U.S. Labor Market Tightens As Weekly Jobless Claims Hit Lowest Level

March 28, 2022
U.S. Labor Market Tightens As Weekly Jobless Claims Hit Lowest Level
Number of Americans filing new claims for jobless benefits dropped to a 52-1/2-year low last week, while unemployment continued to shrink.

The number of Americans filing new claims for jobless benefits dropped to a 52-1/2-year low last week, while unemployment rolls continued to shrink, pointing to rapidly diminishing labor market slack that will keep boosting wage inflation.

The strength in the job market reported by the Labor Department on Thursday may push the Federal Reserve to raise interest rates by half a percentage point at its next policy meeting in May. Fed Chair Jerome Powell on Monday said the U.S. central bank must move “expeditiously” to raise rates and possibly “more aggressively” to keep high inflation from becoming entrenched. 
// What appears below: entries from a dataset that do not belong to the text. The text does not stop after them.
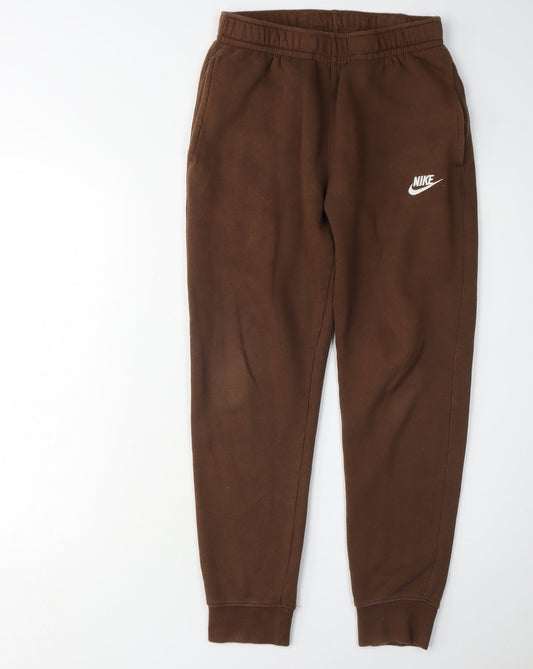 Nike Women's Brown Joggers - Size S, Sports Style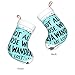 BERMEIZ Not All Who Wander are Lost1 Pattern Christmas Stockings 17.7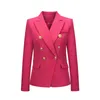 Costumes pour femmes Blazers Double boutonnage manteau femmes court 2022 arrivée Chic costume bureau dame vêtements mince multicolore en gros DropWomen's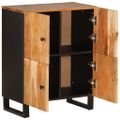 vidaXL Komoda so 4 dvierkami 60x33x75 cm masívna akácia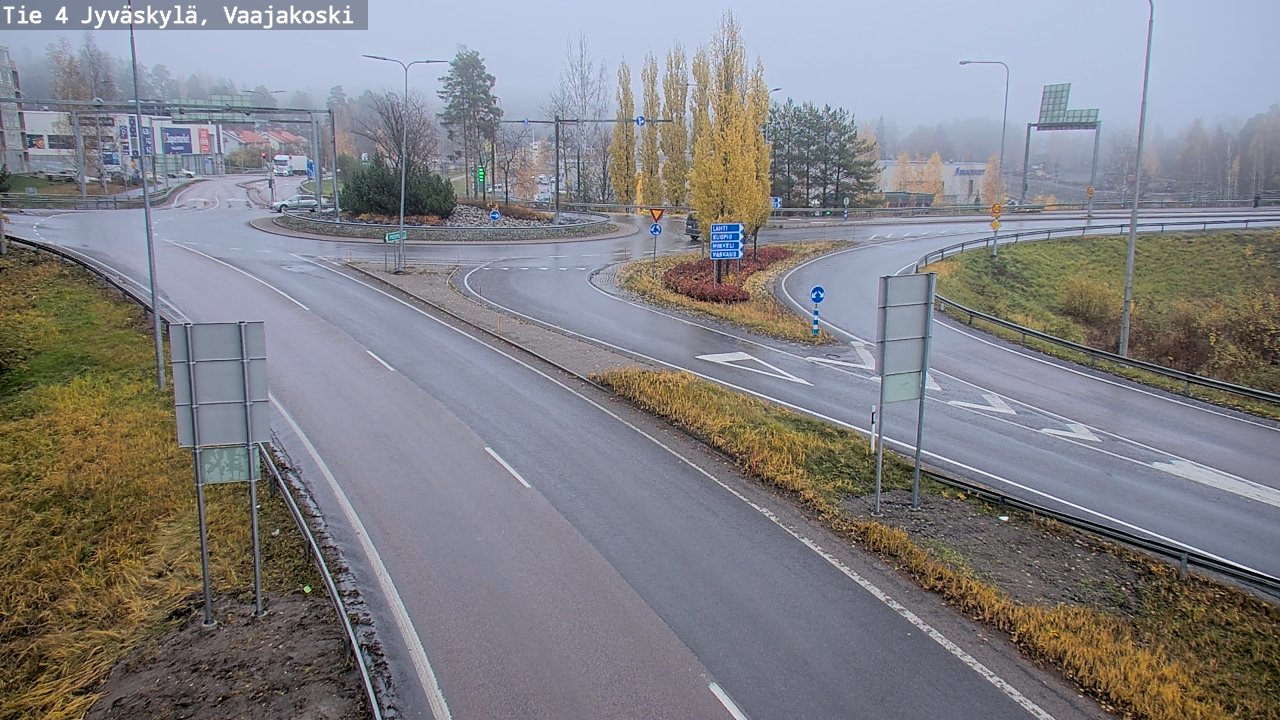 Kelikamerat Kuva Tie 4 Jyväskylä, Vaajakoski, Jyväskylä, Keski-Suomi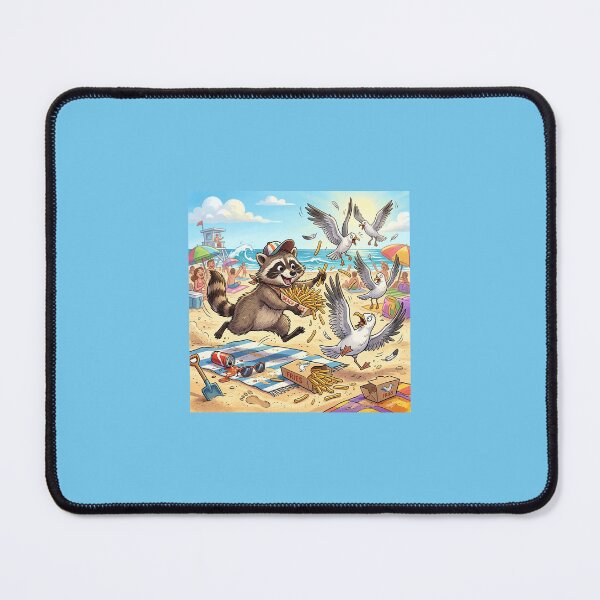 Item preview, Beach Bandit Raccoon | Silly Seagull Snack Heist Funny Summer Meme Art designed and sold by DmaarGroup.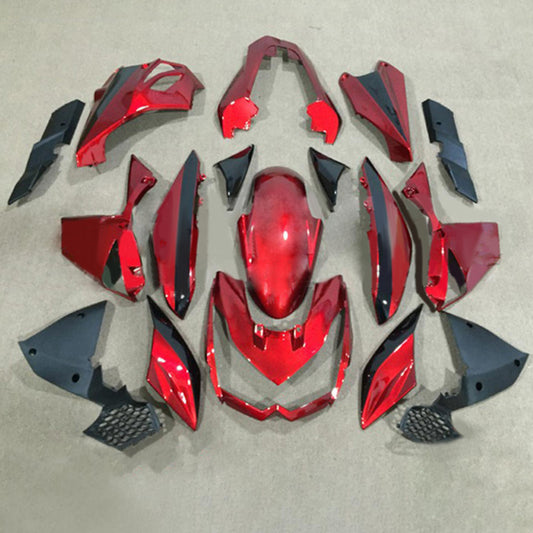 Amotopart Kawasaki Z1000 2010-2013 Kit carena Carrozzeria Plastica ABS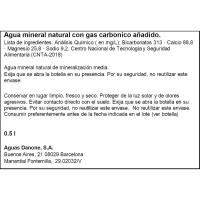Agua con gas FONTER, botellín 50 cl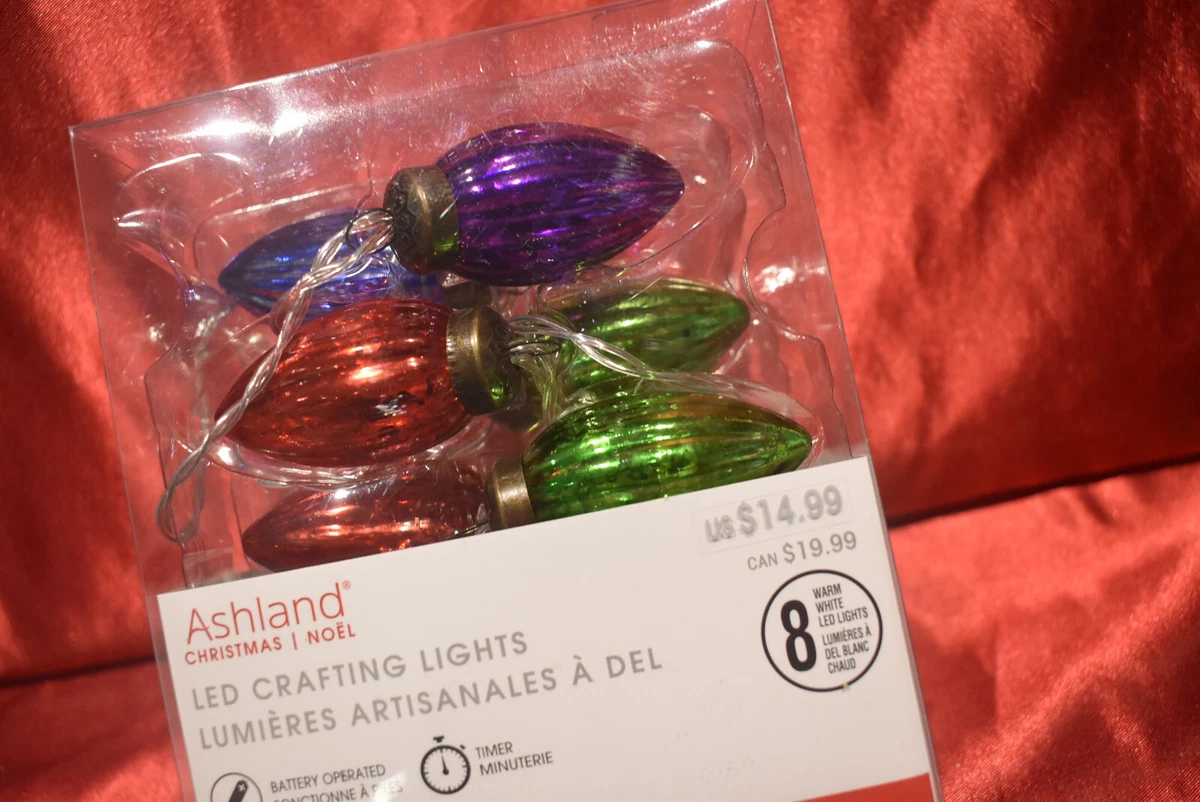 Ashland LED Crafting Lights 8 Warm White LED Lights 5 FT Battery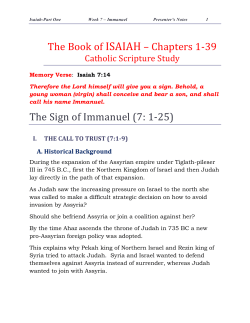 Isaiah - Week 7 - Merciful Redeemer Parish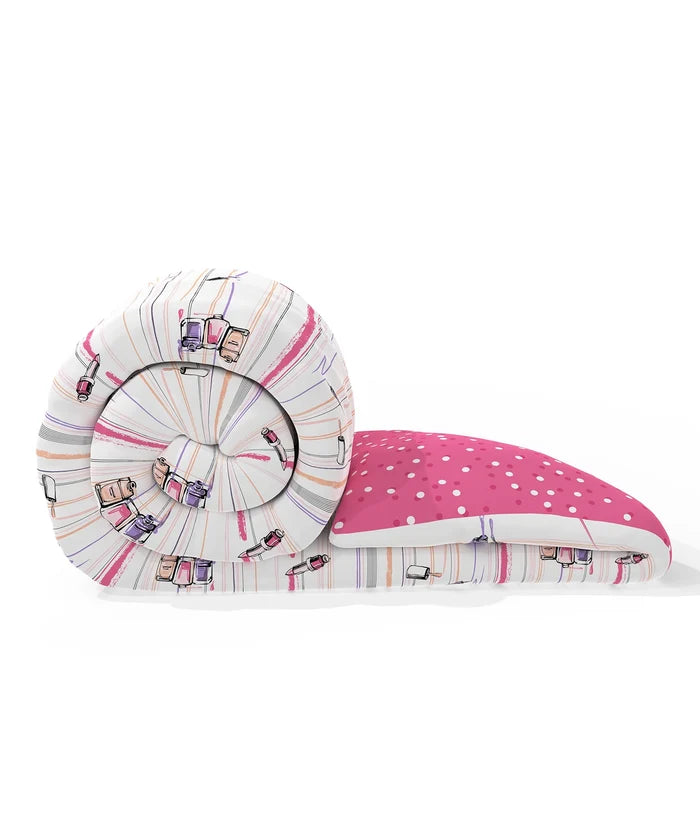 Juniors Single AC Comforter, Slumber Party|144 TC Cotton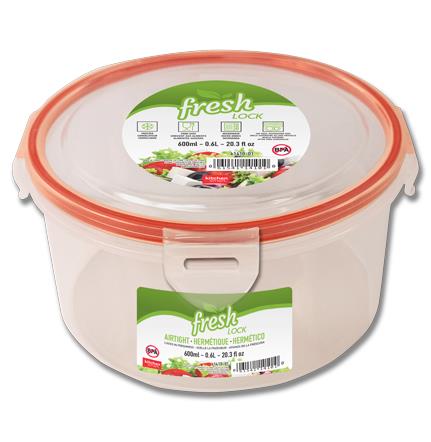 SURELOCK FOOD CONTAINER ROUND, 600ML - 20.3OZ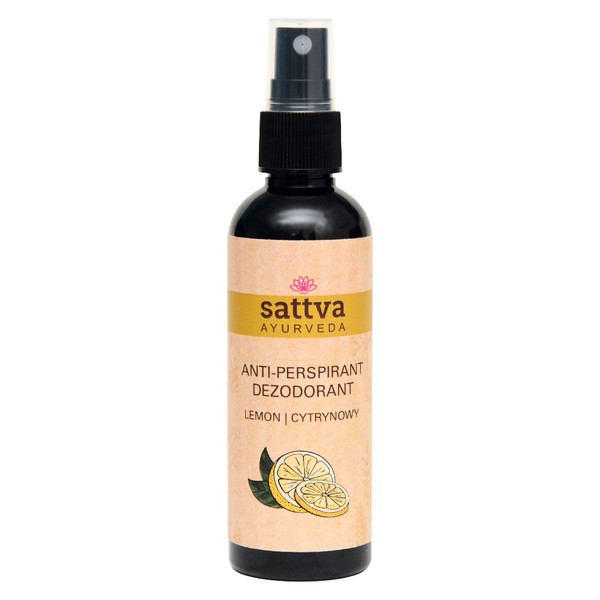 SATTVA_Ayurveda naturalny antyperspirant na bazie wody Lemon Ayurveda Anti-Perspirant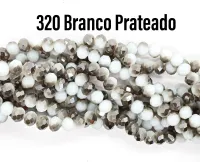 Fio de cristal Branco Prateado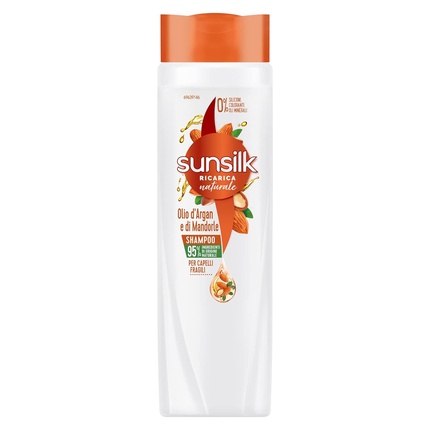 

Sunsilk Шампунь с маслом арганы и миндалем для ломких и ломких волос, питающая и укрепляющая формула с органическим маслом арганы и миндальным маслом, без силикона, 250 мл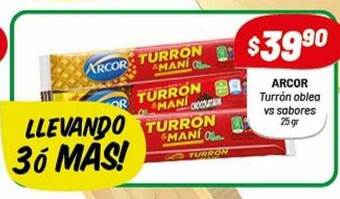 Almacor Arcor Turrón Oblea Vs Sabores oferta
Fed last week increased its policy interest rate by 25 basis points, the first hike in more than three years.

“U.S. businesses are not laying off workers because they know the enormous challenges they’re facing in filling open positions,” said Ryan Sweet, a senior economist at Moody’s Analytics in West Chester, Pennsylvania.

“If initial claims remain below 200,000 for a period of time, it will raise a red flag with the Fed.”

Initial claims for state unemployment benefits fell 28,000 to a seasonally adjusted 187,000 for the week ended March 19, the lowest level since September 1969. Economists polled by Reuters had forecast 212,000 applications for the latest week.

Last week’s drop in claims was widespread, with large decreases in California, Michigan, Kentucky, and Illinois.

Claims have been declining in part as COVID-19 restrictions across the country have been lifted amid a massive drop in coronavirus cases. They have plunged from a record high of 6.149 million in early April 2020.

There are no signs that Russia’s war against Ukraine, which has sent U.S. gasoline prices to record highs and is expected to worsen the strain on global supply chains, has impacted the labor market and business activity.

A survey from S&P Global on Thursday showed its flash U.S. Composite PMI Output Index, which tracks the manufacturing and services sectors, rose to an eight-month high of 58.5 in March from 55.9 in February, fueled by strong demand for both goods and services. Businesses were upbeat about the outlook this year, but services firms worried about the fallout from the rising cost of living caused by the Russia-Ukraine war.

Stocks on Wall Street rebounded from a sharp drop on Wednesday. The dollar edged up against a basket of currencies. Prices of U.S. Treasuries fell.